March 1, 2010 -- The dull gray, monotony of existence never looked as uninviting as it does in this post-apocalyptic tale of global cooling and hiding from cannibals. I expected this movie to be totally depressing, but it isn't that bad. It is only 98 percent depressing. I was talking to this guy after the movie who said this should have been nominated for a Best Picture Academy Award instead of “The Blind Side,” but he would have liked it better if everyone had committed suicide at the end. That sums up one big problem with movie reviews. There are too many critics out there who hate uplifting films and who delight in gloom and doom.
Speaking of gloom and doom, that pretty well sums up this movie. Some kind of catastrophe has wiped out civilization and killed all the plants and animals in the world, except for people. The few people who are left are scrounging around for what's left of the canned food, or are killing and eating those people. The sky is perpetually dark and gray, as is most everything else. The colors are all desaturated in this movie, except for the flashback scenes which take place in the time before the catastrophe. It also rains most of the time, which makes no sense, but it the rain does amplify the film's dreary one-note mood.
Slogging through this nightmare existence are a father and his son, played by Viggo Mortensen of the “Lord of the Ring” movies and young Kodi Smit-McPhee. They push a shopping cart down the road loaded with their worldly possessions, searching for food and hiding from cannibals. Their one gun is down to its last two bullets, reserved for suicide if the cannibals get them. In one scene, they come across a farm and see a family that has committed suicide. In a house, they find a skeleton in a bed. “It's nothing you haven't seen before,” the father tells the boy. The young boy's mother, played by Charlize Theron of “Hancock” is seen only in the flashback scenes.
You can't really blame a person for becoming paranoid in this kind of situation. The father is clearly losing it, but the boy, miraculously, still has his humanity intact. He keeps asking his father, “Are we still the good guys?” It is a valid question as the father takes increasingly violent and heartless actions which he believes will protect his son. During their journey they see a number of cannibals, and a few others, including an old man, Eli (played by Robert Duvall of “Crazy Heart”). The father tells his son that he won't always be around. His son will have to learn to survive on his own.

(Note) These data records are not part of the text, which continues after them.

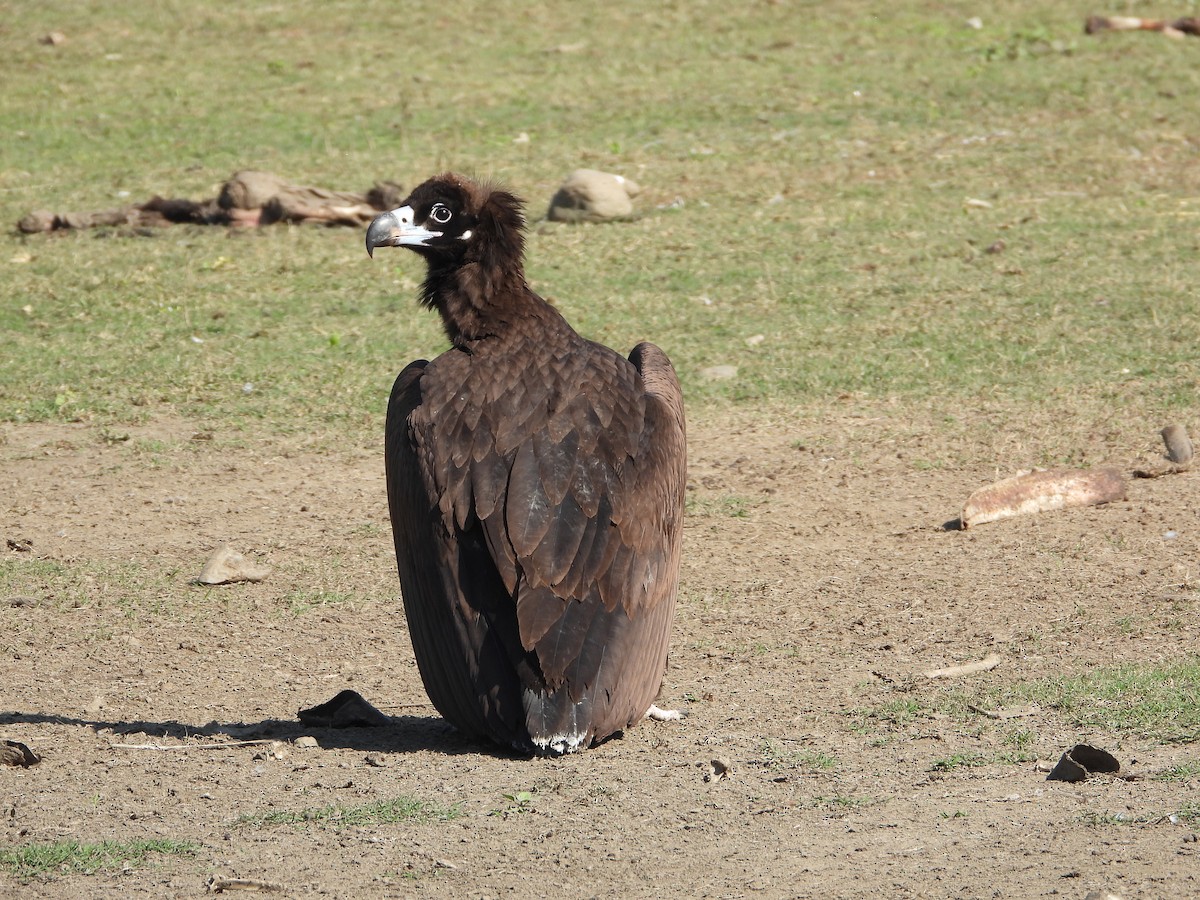 クロハゲワシ - ML647226542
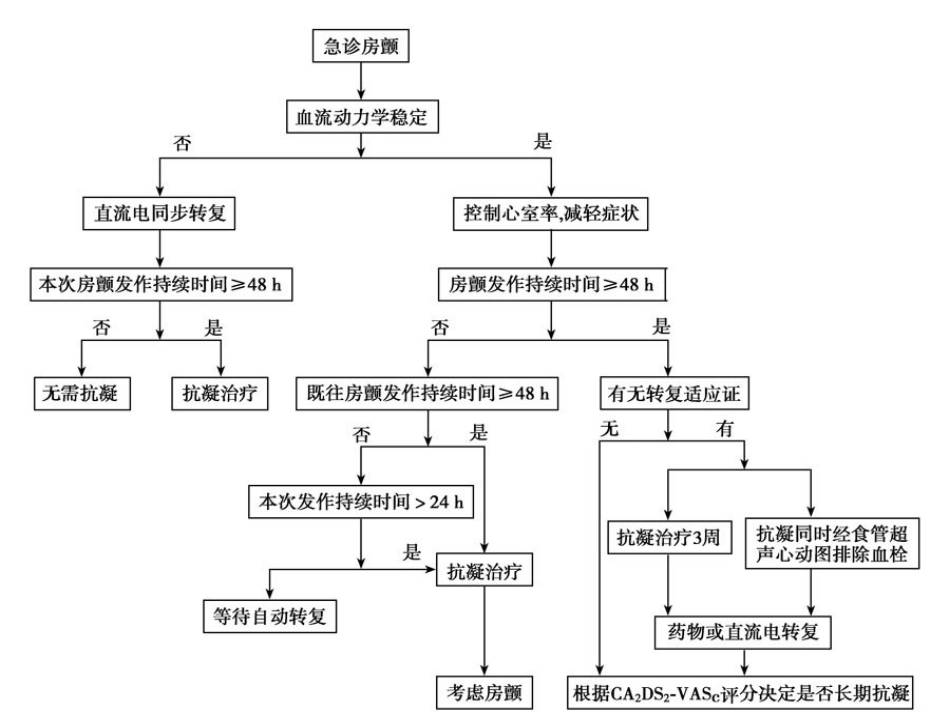 房颤的急诊处置要点_第3页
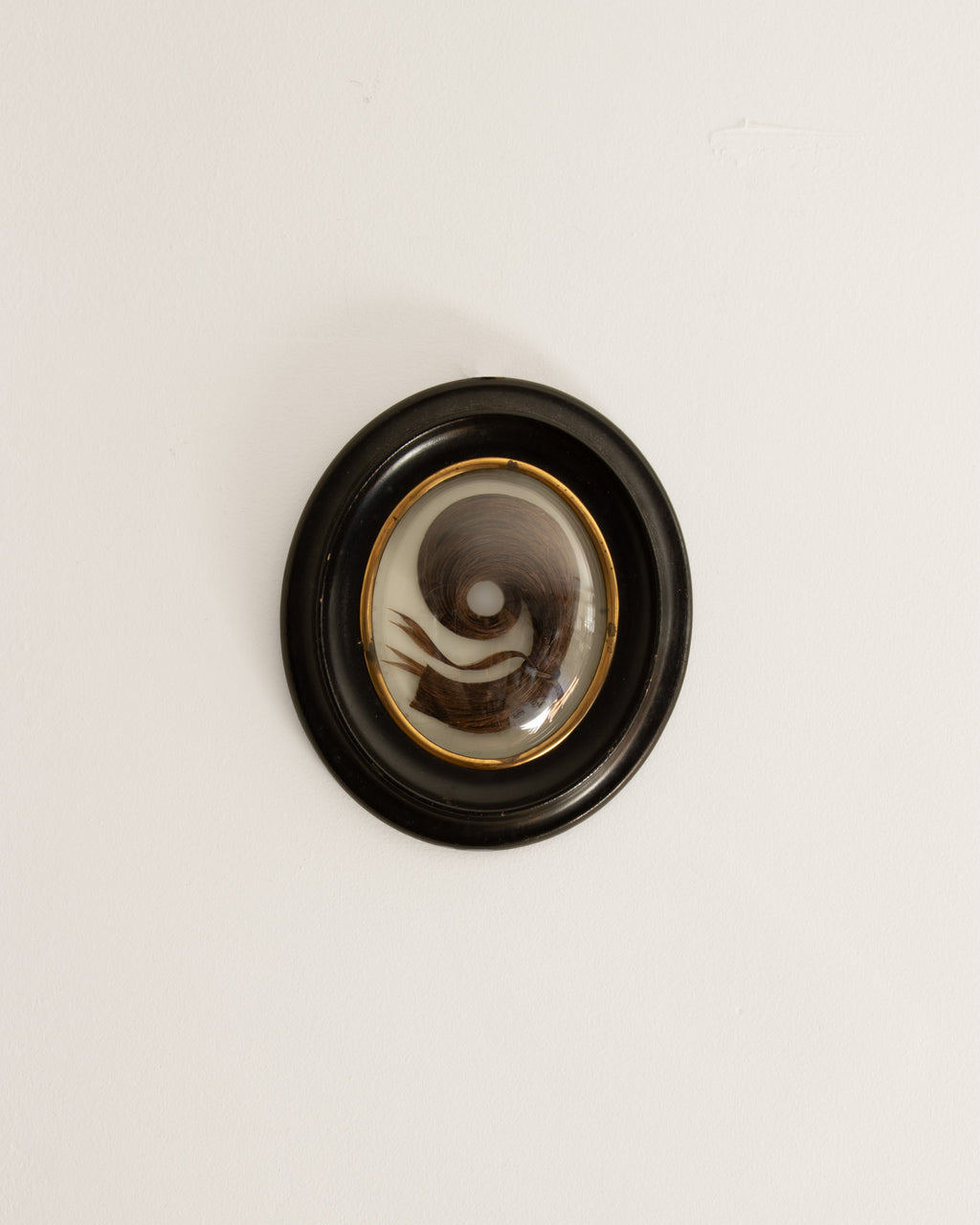 French Hair Souvenir (Brunette Comma)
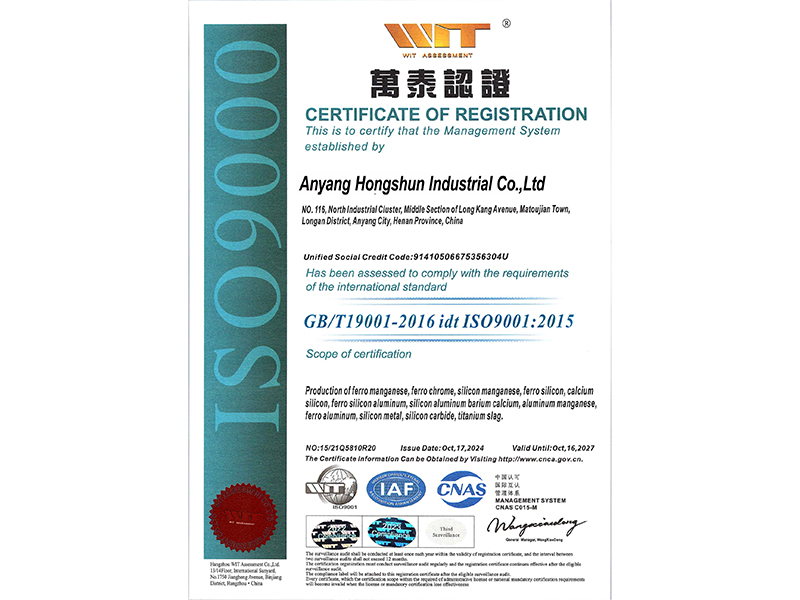 Management system certification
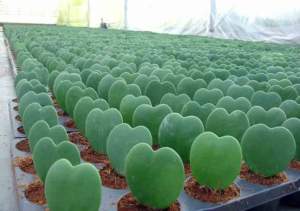 hoya kerrii san valentino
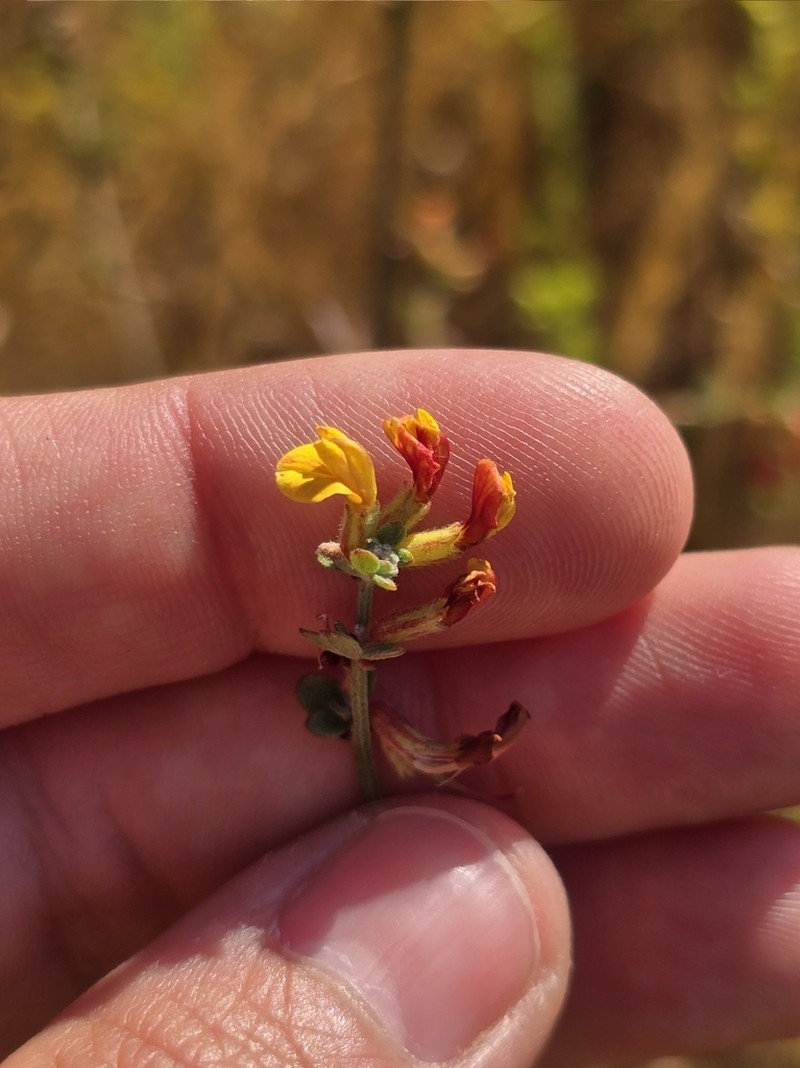 Acmispon watsonii photo 8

The film has a distinctive, colorless gray look to it, and the sets and locations create a very end of the world look. The acting is very good by everyone involved. The problem is the story moans its one sad note for way too long. There is some attempt to create suspense, but that part of the film doesn't really work. I never did believe these two were ever in any danger. The film's ending is a bit of a surprise, but it isn't enough to make up for all the monotony that precedes it. This is one of those movies where some critics will try to convince you that this particular dreary artistic vision is worth you shelling out $10 bucks to witness. Others, like me for instance, say this film is not worth $10. More like $2. Pick up the DVD when it goes on sale cheap if you want the complete trilogy for your collection: “All the Pretty Horses,” “No Country for Old Men” and “The Road,” all based on three increasingly depressing novels of Cormac McCarthy. This film rates a C.